## [WORK ITEM]
Repeat the records below in their entirety, exactly.

(Data extracted from a collection)
%%

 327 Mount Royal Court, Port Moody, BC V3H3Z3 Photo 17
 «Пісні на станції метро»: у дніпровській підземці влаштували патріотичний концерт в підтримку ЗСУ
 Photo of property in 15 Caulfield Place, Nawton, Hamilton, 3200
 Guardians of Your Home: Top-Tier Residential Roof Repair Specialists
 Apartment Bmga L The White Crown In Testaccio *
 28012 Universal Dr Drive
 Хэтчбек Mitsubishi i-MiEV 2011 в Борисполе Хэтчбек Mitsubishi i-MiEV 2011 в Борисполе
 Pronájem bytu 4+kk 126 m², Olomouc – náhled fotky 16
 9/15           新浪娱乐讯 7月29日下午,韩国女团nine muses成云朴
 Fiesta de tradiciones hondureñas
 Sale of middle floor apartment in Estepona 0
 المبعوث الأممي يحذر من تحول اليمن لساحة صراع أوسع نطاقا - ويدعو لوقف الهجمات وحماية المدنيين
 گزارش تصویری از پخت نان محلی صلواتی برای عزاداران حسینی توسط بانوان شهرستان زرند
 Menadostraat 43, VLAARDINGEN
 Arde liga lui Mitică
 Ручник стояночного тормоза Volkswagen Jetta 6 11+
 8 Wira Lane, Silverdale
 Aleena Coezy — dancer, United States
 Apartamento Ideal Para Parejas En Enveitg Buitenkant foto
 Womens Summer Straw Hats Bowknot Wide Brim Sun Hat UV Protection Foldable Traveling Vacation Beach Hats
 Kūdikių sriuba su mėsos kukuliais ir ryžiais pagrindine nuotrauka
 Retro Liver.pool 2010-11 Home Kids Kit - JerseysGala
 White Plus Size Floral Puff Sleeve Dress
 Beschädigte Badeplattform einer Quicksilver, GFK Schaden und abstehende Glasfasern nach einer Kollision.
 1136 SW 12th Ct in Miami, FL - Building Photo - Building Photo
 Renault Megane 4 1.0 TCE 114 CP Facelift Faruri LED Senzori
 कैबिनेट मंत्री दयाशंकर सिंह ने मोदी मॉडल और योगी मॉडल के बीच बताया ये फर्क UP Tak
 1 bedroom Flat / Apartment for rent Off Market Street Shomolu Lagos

%%

## [SOLUTION]
 327 Mount Royal Court, Port Moody, BC V3H3Z3 Photo 17
 «Пісні на станції метро»: у дніпровській підземці влаштували патріотичний концерт в підтримку ЗСУ
 Photo of property in 15 Caulfield Place, Nawton, Hamilton, 3200
 Guardians of Your Home: Top-Tier Residential Roof Repair Specialists
 Apartment Bmga L The White Crown In Testaccio *
 28012 Universal Dr Drive
 Хэтчбек Mitsubishi i-MiEV 2011 в Борисполе Хэтчбек Mitsubishi i-MiEV 2011 в Борисполе
 Pronájem bytu 4+kk 126 m², Olomouc – náhled fotky 16
 9/15           新浪娱乐讯 7月29日下午,韩国女团nine muses成云朴
 Fiesta de tradiciones hondureñas
 Sale of middle floor apartment in Estepona 0
 المبعوث الأممي يحذر من تحول اليمن لساحة صراع أوسع نطاقا - ويدعو لوقف الهجمات وحماية المدنيين
 گزارش تصویری از پخت نان محلی صلواتی برای عزاداران حسینی توسط بانوان شهرستان زرند
 Menadostraat 43, VLAARDINGEN
 Arde liga lui Mitică
 Ручник стояночного тормоза Volkswagen Jetta 6 11+
 8 Wira Lane, Silverdale
 Aleena Coezy — dancer, United States
 Apartamento Ideal Para Parejas En Enveitg Buitenkant foto
 Womens Summer Straw Hats Bowknot Wide Brim Sun Hat UV Protection Foldable Traveling Vacation Beach Hats
 Kūdikių sriuba su mėsos kukuliais ir ryžiais pagrindine nuotrauka
 Retro Liver.pool 2010-11 Home Kids Kit - JerseysGala
 White Plus Size Floral Puff Sleeve Dress
 Beschädigte Badeplattform einer Quicksilver, GFK Schaden und abstehende Glasfasern nach einer Kollision.
 1136 SW 12th Ct in Miami, FL - Building Photo - Building Photo
 Renault Megane 4 1.0 TCE 114 CP Facelift Faruri LED Senzori
 कैबिनेट मंत्री दयाशंकर सिंह ने मोदी मॉडल और योगी मॉडल के बीच बताया ये फर्क UP Tak
 1 bedroom Flat / Apartment for rent Off Market Street Shomolu Lagos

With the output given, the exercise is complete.